In recent years, Villela’s international reputation as a performer and composer has continued to grow through appearances at the world’s most prestigious jazz festivals and clubs. In the fall of 2008, she received a high profile commission from New York University commissioned to set poems by several Latin American poets to music. Her performance with acclaimed Brazilian singer and composer Dori Caymmi was broadcast nationally as part of National Public Radio’s “JazzSet.” In addition to Peixoto, her band for this performance includes Gary Brown and Paul Vanwanagagen.
with Ted Moore and Pamela Driggs
“Pamela’s voice is a remarkable instrument, defining the bittersweet edge of the Brazilian style with deft perfection.”
When vocalist Pamela Driggs fell in love with Brazilian music, she decided to go right to the source, Salvador, the capital of Bahia, the state known as the heart of Afro-Brazilian culture. After honing her command of Portuguese and deepening her knowledge of Brazil’s countless melodies and rhythms, she returned to the States and founded the Brazilian jazz group Brasilia with composer/drummer Ted Moore, who followed a similar path.
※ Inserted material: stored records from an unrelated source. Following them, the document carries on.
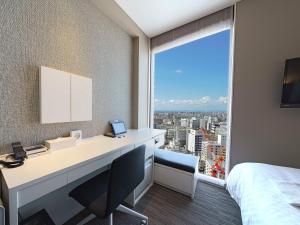 a hotel room with a desk and a large window at Meitetsu Inn Nagoyaeki Shinkansenguchi in Nagoya +49 photos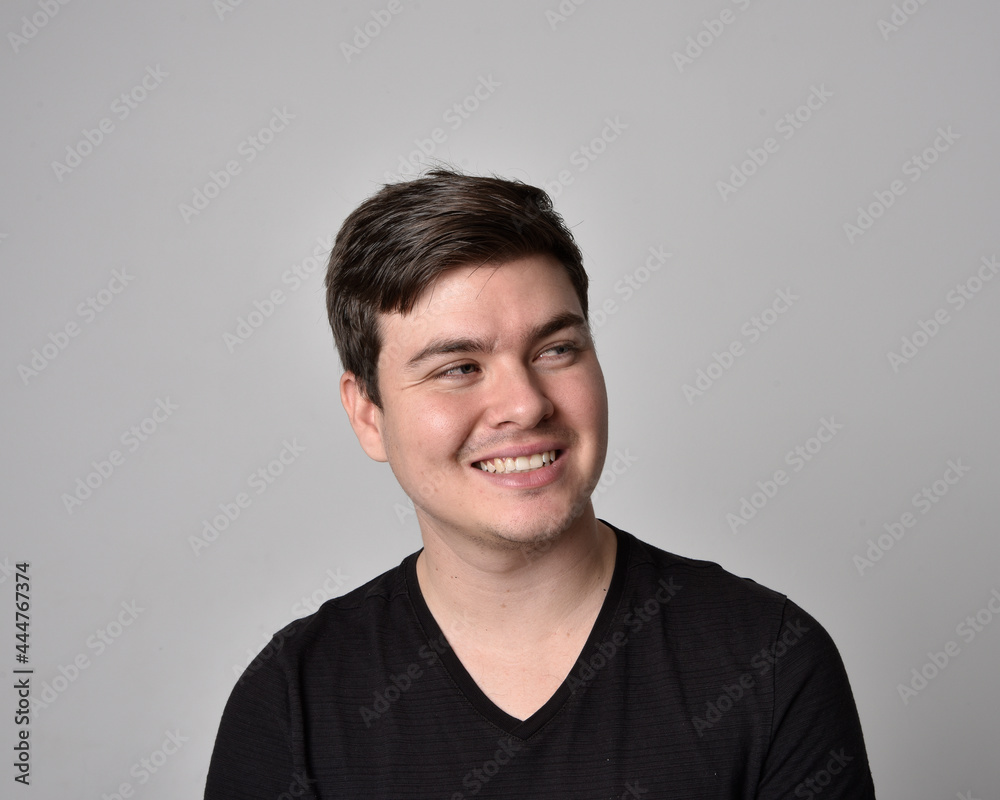 Close up head and shoulders portrait of a brunette. young man with a variety of expressive facial expressions. Isolated on a light grey studio background. Close up head and shoulders portrait of a brunette. young man with a variety of expressive facial expressions. Isolated on a light grey studio background.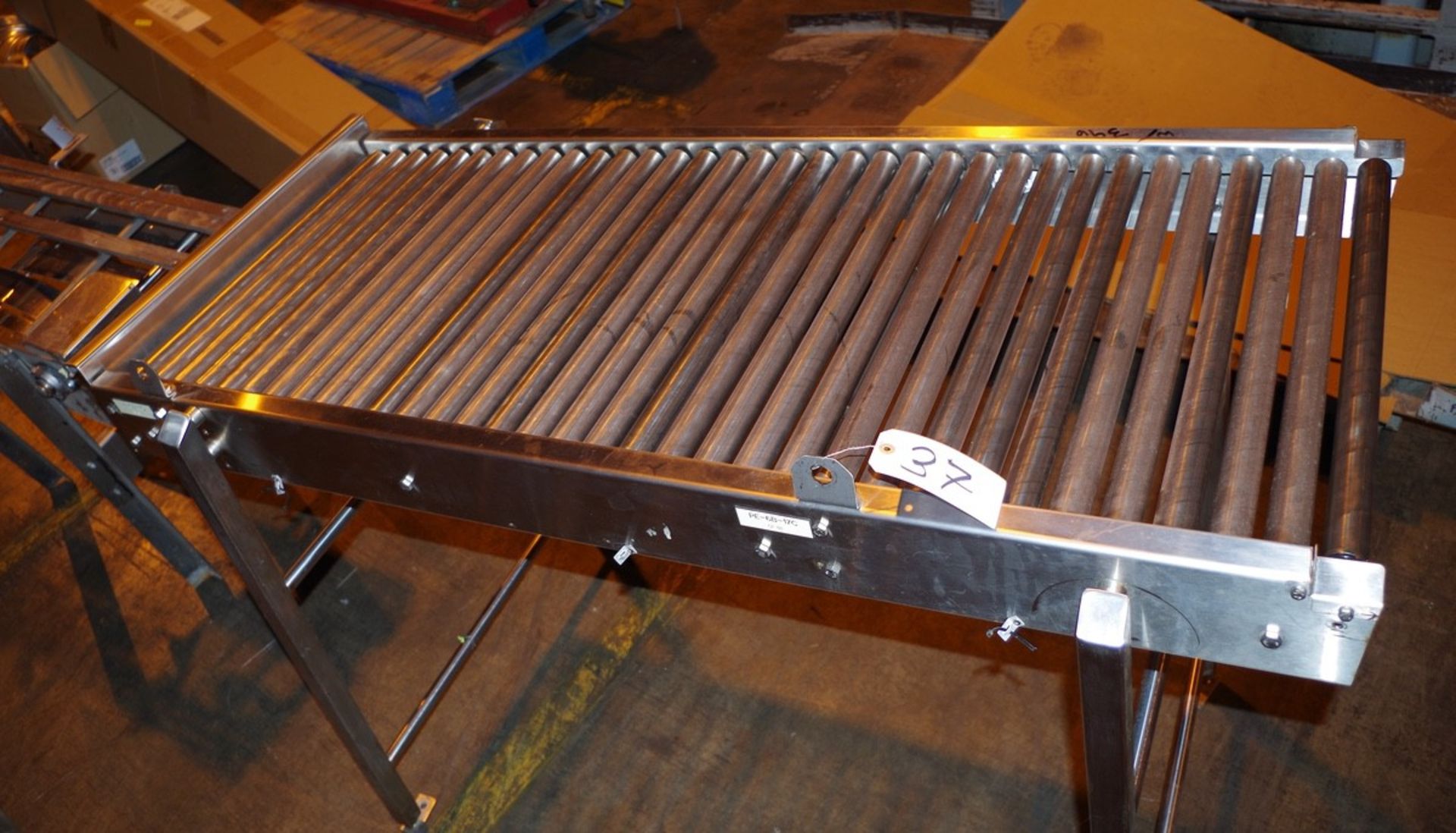 Stainless Steel Roller Outfeed Table, approx. 5'L x 30" W | Rig Fee: $50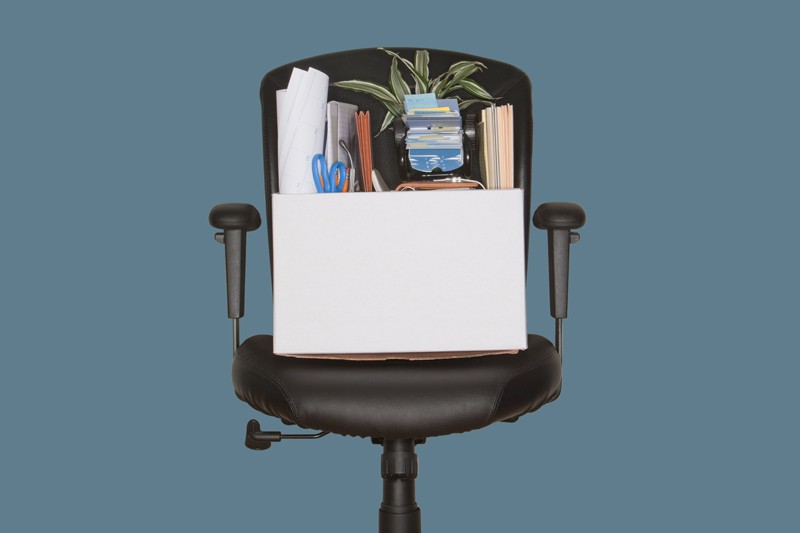 A black office chair with a cardboard box filled with files, office supplies and a pot plant balanced on the seat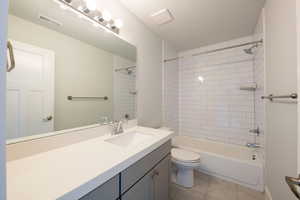 Bathroom featuring visible vents, tile patterned floors, toilet, vanity, and shower / tub combination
Now director of UC Berkeley’s Jazz Department, Moore lived in Rio for two years, serving as percussionist with the Brazilian Symphony Orchestra while also performing with many top-flight Brazilian jazz artists. Joining forces with Driggs, they released “River Wide” (Kokopelli), which received rapturous critical praise. Driggs made her solo debut with 2000’s “Midnight Sun” (Aosis), a buoyant session featuring American standards, Brazilian classics, pop originals and bossa nova gems. She recorded her Aosis follow up, 2002’s “Itacuruçá,” in Rio with the city’s best jazz musicians.
Over the past decade she’s performed and recorded with a stellar roster of artists, including Sadao Watanabe, Herbie Mann, Nana Vasconcelos, Cesar Camargo Mariano, and Cyro Baptista. The latest incarnation of Brasilia includes bassist Gary Brown, who’s toured and recorded extensively with Flora Purim and Airto, and Driggs’ husband Romero Lubambo, the remarkable Brazilian jazz guitarist sought after by vocalists such as Dianne Reeves, Leny Andrade, Jane Monheit, and Luciana Souza for his consummate skills as an accompanist.